Dopo l’annuncio i prezzi sono già cresciuti, superando gli 85 dollari al barile.
Il grosso della riduzione sarà sostenuto dall’Arabia Saudita, che taglierà la sua produzione di petrolio di 500 mila barili al giorno. Anche la Russia ufficialmente partecipa all’operazione saudita, ma in realtà il governo russo aveva annunciato il taglio della produzione già alcune settimane fa, e probabilmente si tratta di una riduzione non volontaria: secondo varie analisi, l’industria estrattiva russa si troverebbe in difficoltà a causa delle sanzioni e del ritiro dal mercato russo di molte società occidentali che fornivano servizi e assistenza tecnica all’industria. Attualmente la Russia ha ridotto la produzione di 500 mila barili di petrolio al giorno, scendendo sotto i 10 milioni.

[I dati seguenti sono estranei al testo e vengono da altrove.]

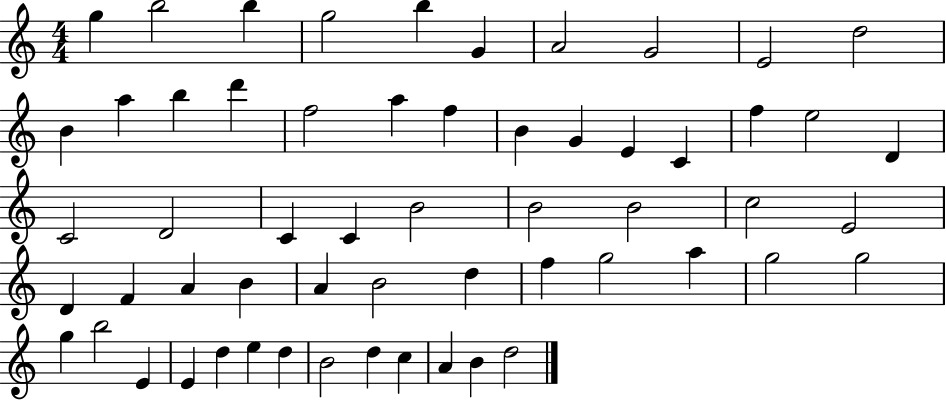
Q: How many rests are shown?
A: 0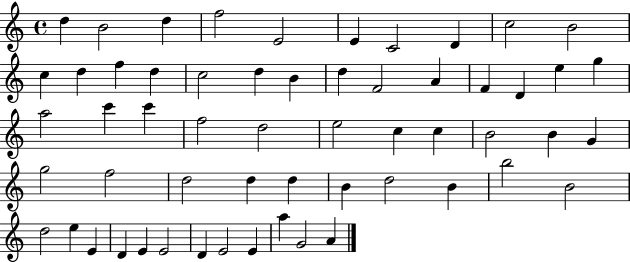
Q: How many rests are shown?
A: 0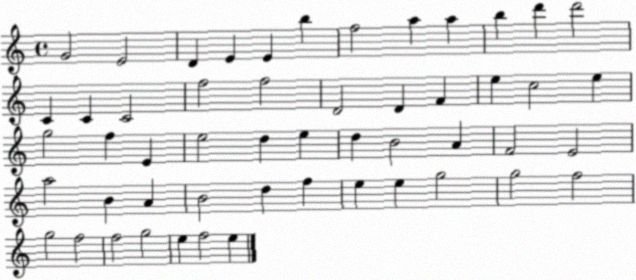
X:1
T:Untitled
M:4/4
L:1/4
K:C
G2 E2 D E E b f2 a a b d' d'2 C C C2 f2 f2 D2 D F e c2 e g2 f E e2 d e d B2 A F2 E2 a2 B A B2 d f e e g2 g2 f2 g2 f2 f2 g2 e f2 e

La riduzione della produzione, che entrerà in vigore dal primo maggio, segue quella di due milioni di barili al giorno deciso a ottobre dall’OPEC+. L’OPEC+ è un’organizzazione che include i 13 membri dell’OPEC, l’Organizzazione dei paesi esportatori di petrolio, tra cui Arabia Saudita ed Emirati Arabi Uniti, più altri paesi come la Russia: questi ultimi variano di volta in volta a seconda del tipo di accordo, anche se la Russia è ormai una presenza praticamente fissa. Al tempo la decisione fu apertamente criticata dagli Stati Uniti, che accusarono l’OPEC+ e in particolare l’Arabia Saudita di aiutare gli sforzi bellici della Russia, che ha nell’esportazione di petrolio e gas la sua principale fonti di entrate.

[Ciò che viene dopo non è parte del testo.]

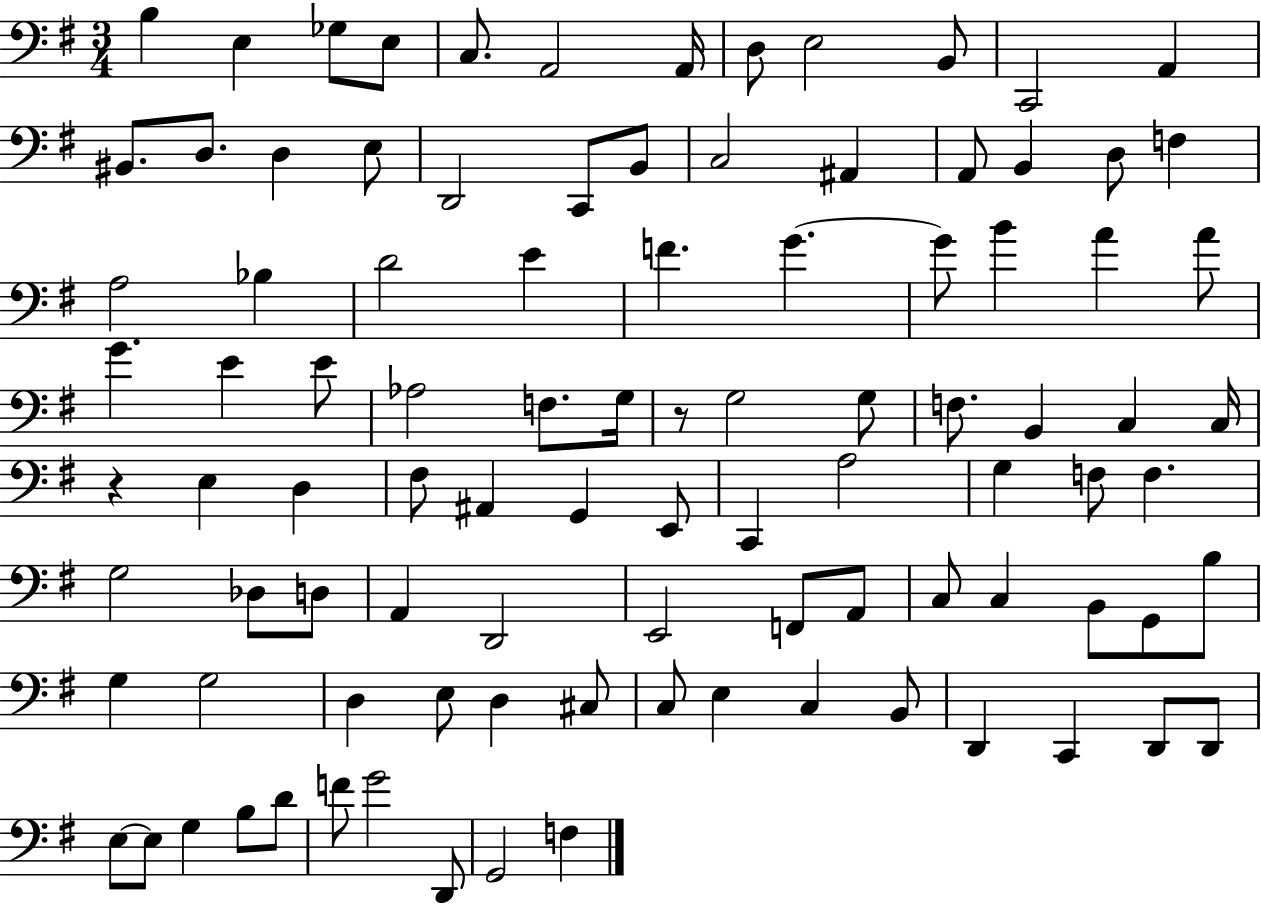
X:1
T:Untitled
M:3/4
L:1/4
K:G
B, E, _G,/2 E,/2 C,/2 A,,2 A,,/4 D,/2 E,2 B,,/2 C,,2 A,, ^B,,/2 D,/2 D, E,/2 D,,2 C,,/2 B,,/2 C,2 ^A,, A,,/2 B,, D,/2 F, A,2 _B, D2 E F G G/2 B A A/2 G E E/2 _A,2 F,/2 G,/4 z/2 G,2 G,/2 F,/2 B,, C, C,/4 z E, D, ^F,/2 ^A,, G,, E,,/2 C,, A,2 G, F,/2 F, G,2 _D,/2 D,/2 A,, D,,2 E,,2 F,,/2 A,,/2 C,/2 C, B,,/2 G,,/2 B,/2 G, G,2 D, E,/2 D, ^C,/2 C,/2 E, C, B,,/2 D,, C,, D,,/2 D,,/2 E,/2 E,/2 G, B,/2 D/2 F/2 G2 D,,/2 G,,2 F,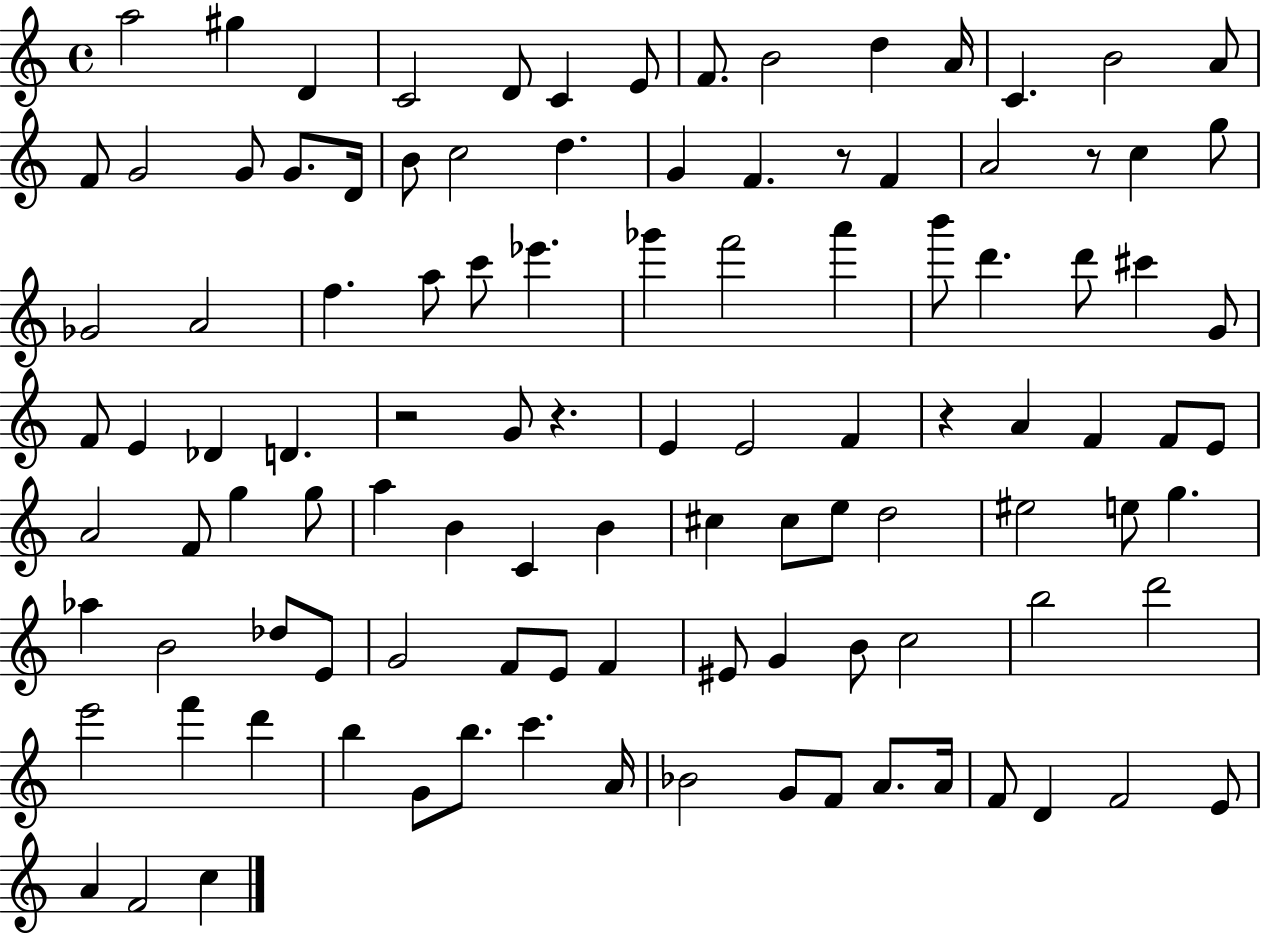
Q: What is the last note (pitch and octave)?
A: C5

A partire da maggio i nuovi limiti della produzione – quelli annunciati domenica si sommano a quelli di ottobre – ridurranno di circa il 3,7 per cento la quantità di petrolio estratta giornalmente nel mondo e potrebbero avere effetti rilevanti sull’economia globale: l’aumento dei prezzi potrebbe far aumentare ulteriormente l’inflazione, in una fase in cui le misure volte al suo contenimento da parte delle banche centrali stanno mettendo in crisi alcuni istituti bancari. Molto dipenderà tuttavia dall’andamento dell’economia mondiale: se dovesse rallentare, la domanda si ridurrà e i prezzi potrebbero rimanere stabili.
La scelta compiuta in primo luogo dall’Arabia Saudita complicherà ulteriormente le relazioni fra il paese e gli Stati Uniti. I rapporti erano già peggiorati lo scorso ottobre, dopo l’annuncio della prima riduzione, quando l’amministrazione del presidente Joe Biden aveva espresso preoccupazione sugli effetti della misura sui prezzi per i consumatori finali negli Stati Uniti. Allora si era osservato come la capacità di influenza degli Stati Uniti sul regime saudita guidato dal principe ereditario Mohammed bin Salman fosse minore rispetto al passato.